Das Imperium mobilisiert die rechten Kräfte Lateinamerikas hinter sich, um einen Schlag gegen Venezuela und somit gegen die ALBA-Staaten zu führen. Wenn es sich erneut der zahlreichen Öl- und Gasressourcen der Heimat von Bolívar bemächtigt, werden die Länder der englischsprachigen Karibik und andere Länder in Zentralamerika die großzügigen Lieferbedingungen verlieren, die ihnen gegenwärtig vom revolutionären Venezuela geboten werden.

Vor einigen Tagen habe ich nach der Rede, die Präsident Barack Obama an der Militärakademie von West Point gehalten hat, um die Entsendung von 30 Tausend Soldaten in den Afghanistankrieg zu verkünden, eine Reflexion verfasst, in der ich es als zynischen Akt seinerseits bezeichnet habe, den Friedensnobelpreis anzunehmen, als er diese Entscheidung bereits getroffen hatte.

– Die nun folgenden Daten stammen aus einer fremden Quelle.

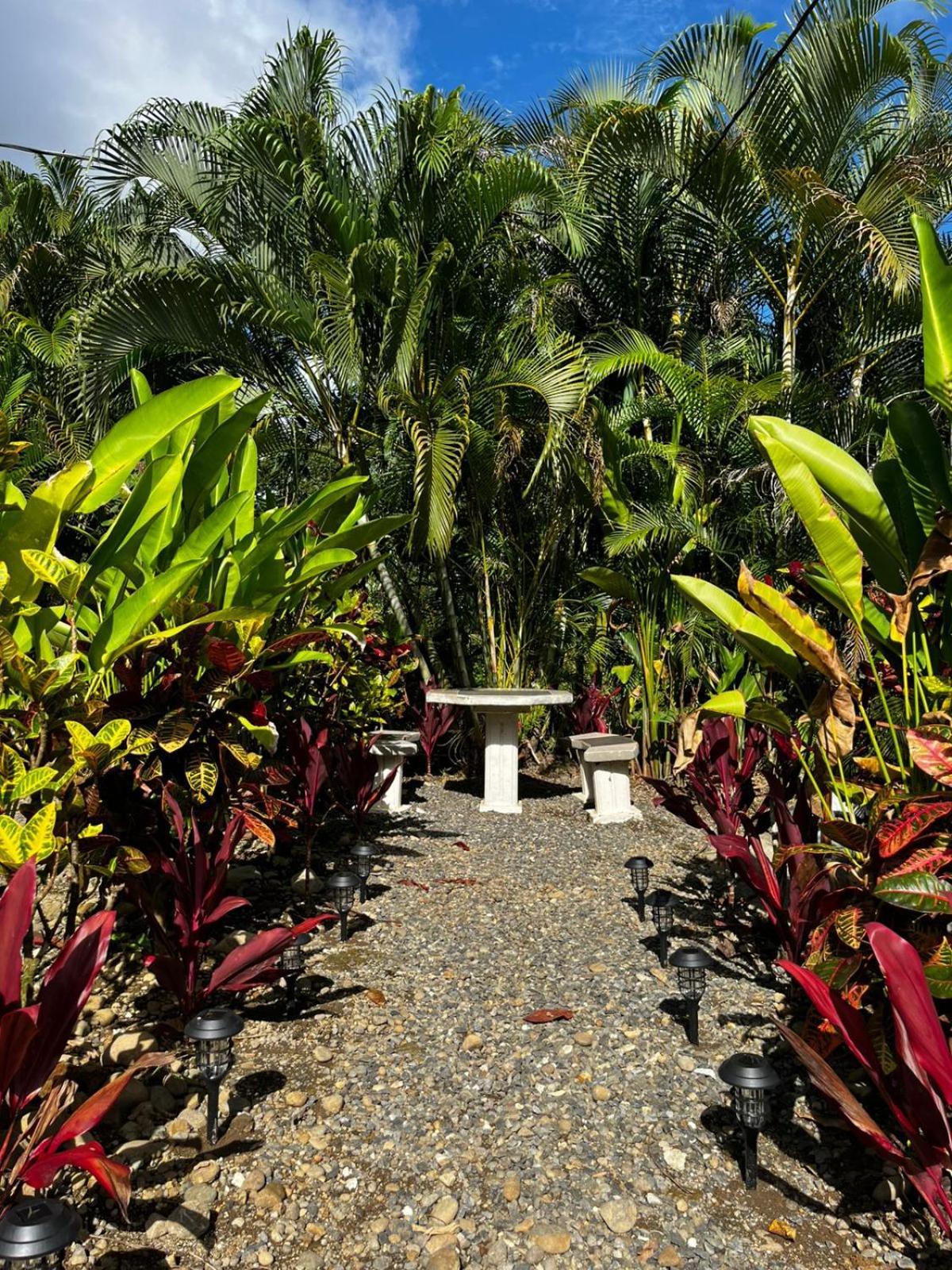Cabañas Río Escondido en La Fortuna Exterior foto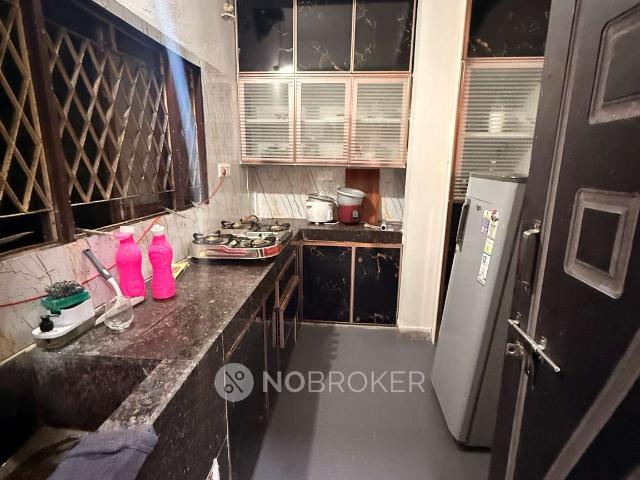 2 BHK Flat In Mega Plaza for Rent In Banjara Hills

Als er am vergangenen 10. Dezember in Oslo seine Preisrede hielt, machte er Aussagen, die ein Beispiel für die Logik und das Denken des Imperialismus darstellen. "...ich bin dafür verantwortlich, tausende von jungen Leuten zum Kämpfen in ein fernes Land zu entsenden. Einige werden töten. Andere werden sie töten...", stellte er fest, als er versuchte, die brutale Schlächterei, die er in jenem fernen Land veranstaltet als ?gerechten Krieg? darzustellen, in dem die Mehrzahl derjenigen, die sterben, wehrlose Bewohner von Dörfern sind, in denen die Bomben explodieren, die von unbemannten Flugzeugen abgeworfen werden.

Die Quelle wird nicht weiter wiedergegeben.